Descriptive Statistics
Introduction
Descriptive Statistics is the essential first step in any data analysis, providing the tools to summarize, organize, and present data in a clear, understandable way. Unlike inferential statistics, which makes predictions, descriptive statistics simply describes the data available, revealing its key patterns and characteristics.
Descriptive statistics relies on the following categories:
- Measures of Central Tendency: Where the data values tend to cluster or center.
- Measures of Variability: How spread out or dispersed the data is.
- Measures of Distribution Shape: The overall form of the data’s distribution when visualized.
Measures of Central Tendency
These measures provide a single value that represents the center of a dataset.
The Mean (Average): The most common measure. It is calculated by summing all values and dividing by the number of values.
\[\overline x = \frac{\sum x}{n}\]It is easily affected by extreme values or outliers.
The Median: The middle value of an ordered dataset. If a dataset has an even number of data points, it is the average of the two middle values.
It is a robust measure that is not sensitive to outliers.
The Mode: The value that appears most frequently in a dataset.
This is particularly useful for categorical data.
Choosing between the Mean and and Median
Even though median better represents the typical observation value and is robust against the outliers there is a a number of reasons to use mean in statistical applications:
The mean is algebraically simple and has nice mathematical properties. It can be easily manipulated in equations, which is why it appears naturally in formulas for variance, standard deviation, correlation, regression, and many other statistical tools. At the same time the median, while robust, is harder to use in closed-form calculations.

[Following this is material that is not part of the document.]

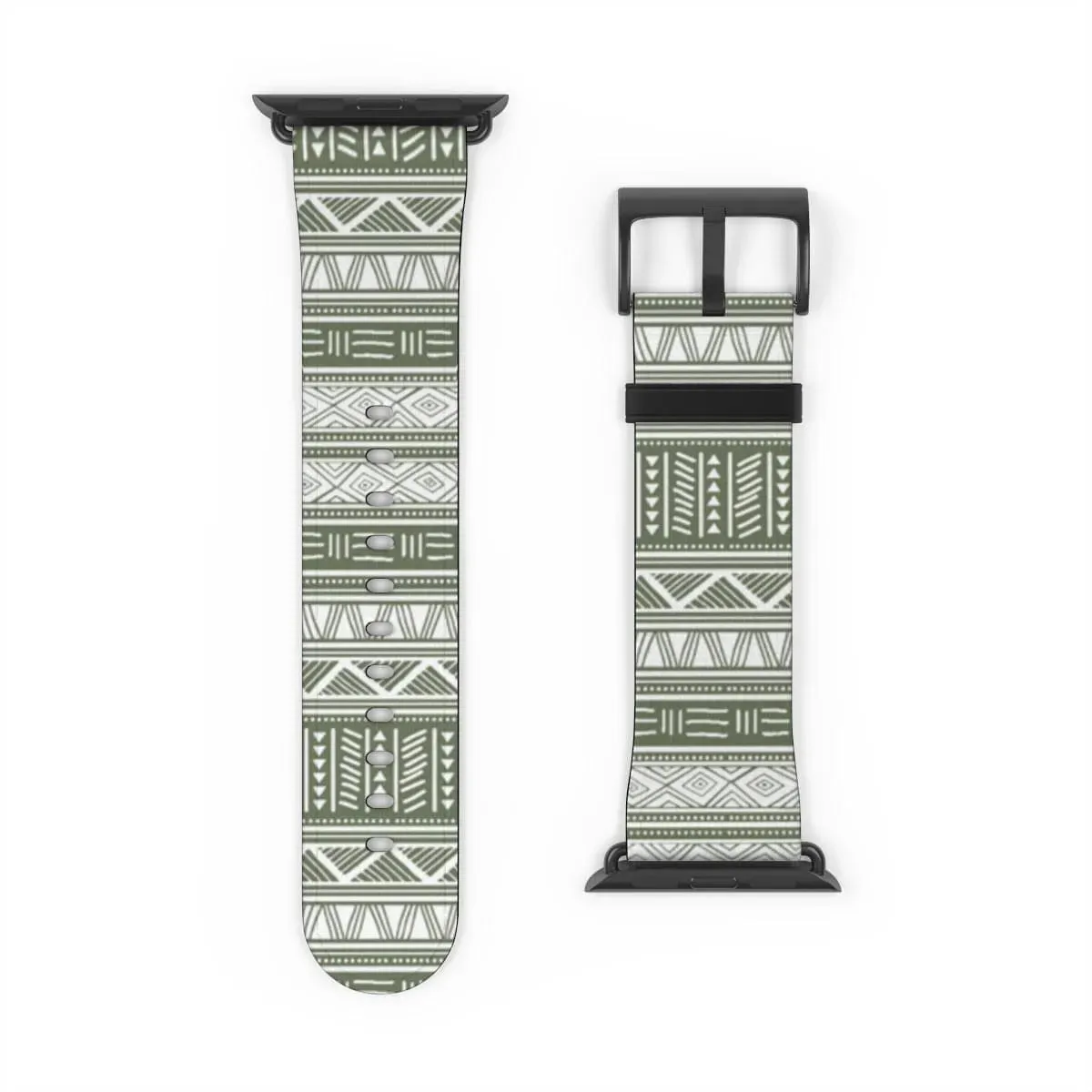 African Print  Watch Band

The mean uses all data points in its calculation, not just the middle one. This makes it more sensitive to variation in the data, which is often what analysts want. The median only depends on order, so it ignores actual magnitudes beyond rank.
When we sample repeatedly then according to the Central Limit Theorem, the distribution of the sample mean approaches a normal distribution (even if the original data is not normal). This makes the mean extremely useful for inference, confidence intervals, and hypothesis testing. The median doesn’t share this property in the same way.

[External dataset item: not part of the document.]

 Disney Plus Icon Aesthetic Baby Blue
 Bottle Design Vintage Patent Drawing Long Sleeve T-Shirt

Measures of Variability (Dispersion)
Central tendency describes the center, while these measures describe how much the data values vary from each other.

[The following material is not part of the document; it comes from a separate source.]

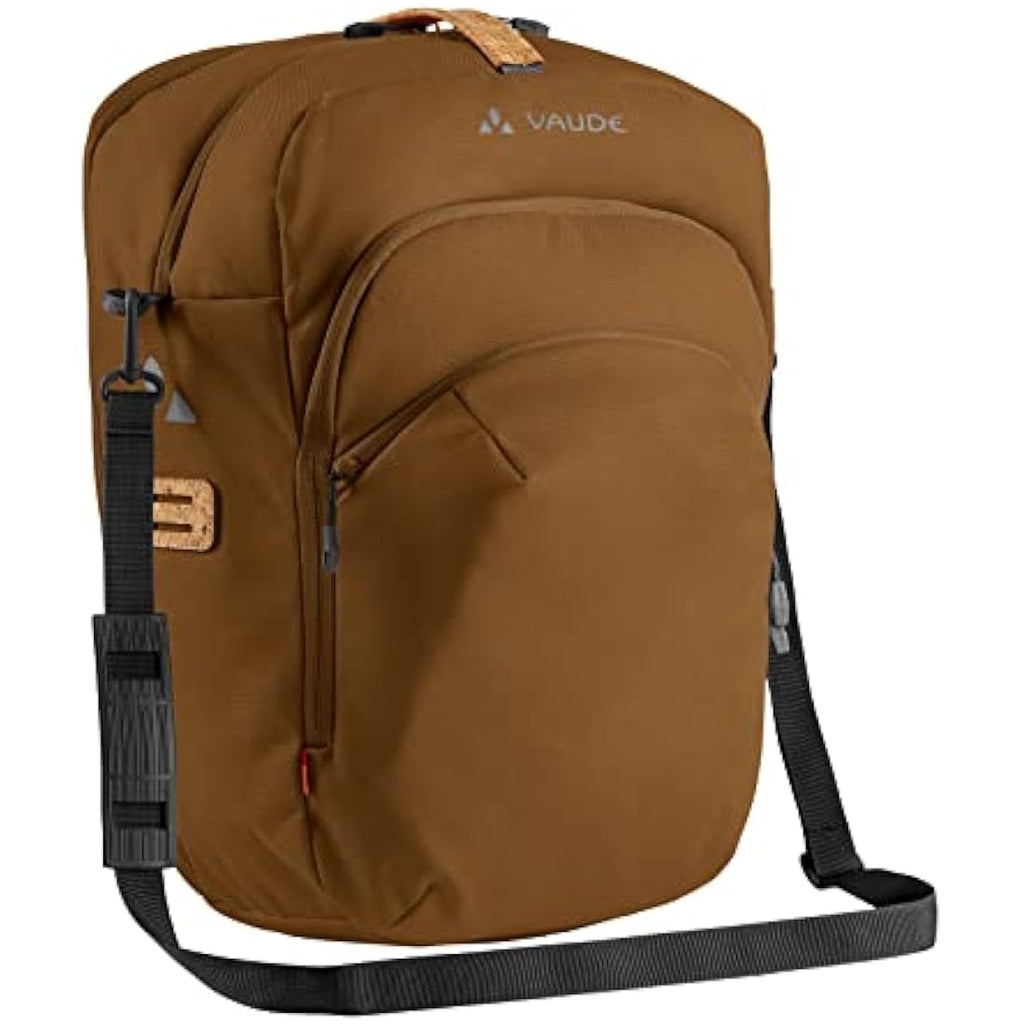 Vaude eBack Single Rear E-Bike Pannier Bag with Battery Storage – Umbra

The Range: The simplest measure, calculated as the difference between the highest and lowest values. It is quick but limited as it only uses two data points.
The Variance: The average of the squared differences from the mean.
\[\sigma^2=\frac{\sum (x−μ)^{2}}{N}\]The units are squared, which can make it hard to interpret.
The Standard Deviation: The square root of the variance. It is the most common measure of dispersion because it is in the same units as the original data.
\(\sigma=\sqrt{\frac{\sum (x−μ)^{2}}{N}}\) The Interquartile Range (IQR): The range of the middle 50% of the data. It is the difference between the first and third quartiles (Q3−Q1) and is not affected by outliers.
Describing the Distribution Shape
The shape of the data distribution can reveal important insights.
Skewness: A measure of the asymmetry of a distribution. Positive skew means he tail on the right side is longer or fatter, and vice versa.
Kurtosis: A measure of the “tailedness” of a distribution.
Here Leptokurtic distribution means having sharper peaks and more extreme value leading to heavier tails. Platykurtic on the other hand are flatter indicating fewer extreme value.
Visualizing Descriptive Statistics
- The Histogram: Displays the frequency of data within different ranges.
- The Box Plot: A five-number summary showing the median, quartiles, and outliers.
- The Scatter Plot: Used to visualize the relationship between two variables.